Antonio Fatas, der kürzlich an der Ökonomentagung in Chicago teilgenommen hat, war beauftragt, die Forschungsarbeit („The Liquidation of Government Debt“) von Carmen Reinhart und Belen Sbrancia zu analysieren.
Die Autoren stellen einen historischen Rückblick von Episoden vor, in denen Staaten auf ihre Schuldtitel weniger Zinsen als marktübliche Zinssätze zahlten. Diese Verringerung der finanziellen Aufwendungen kann demnach als eine Einnahmequelle angesehen werden, was dazu beitrug, die Schulden unter Kontrolle zu halten oder zu reduzieren, erklärt Fatas.
Die Forschungsarbeit konzentriert sich auf die Zeitperiode (vor 1980er Jahre), wo die Realzinsen auf Staatsanleihen negativ waren, hebt Fatas in seinem Blog hervor.

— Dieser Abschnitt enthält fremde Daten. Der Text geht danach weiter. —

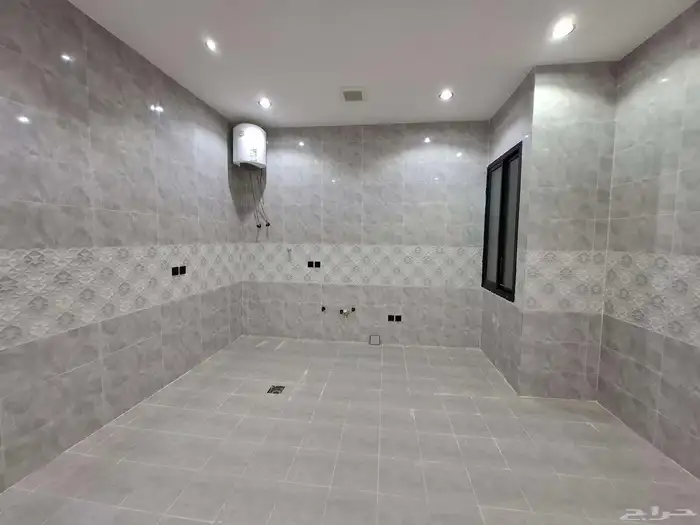دور ارضي بحي الغروب بصك مستقل 300 متر شغل شخصي 9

Reinhart und Sbrancia verweisen auf die pre-1980-Periode als das Zeitalter der finanziellen Repression (financial repression), weil die Realzinsen im Durchschnitt negativ waren, angetrieben durch das Verhalten während der Zeitperiode 1945-1955 und Anfang der 1970er Jahre.
Durchschnittliche ex-post Realzinsen auf US-Treasury Bonds, Industrieländer und Entwicklugnsländer (1945-2009), 3 Jahre gleitenden Durchschnitte, Graph: Carmen Reinhart und Belen Sbrancia in: “The Liquidation of Government Debt”
Finanzielle Repression stammt aus zwei Quellen: (1) Regulierung der Finanzmärkte (d.h. Obergrenzen für Zinssätze, rechtliche Rahmenbedingungen, die das Halten von Staatsanleihen durch die institutionellen Investoren begünstigen), und (2) Überraschungen im Hinblick auf die Inflation.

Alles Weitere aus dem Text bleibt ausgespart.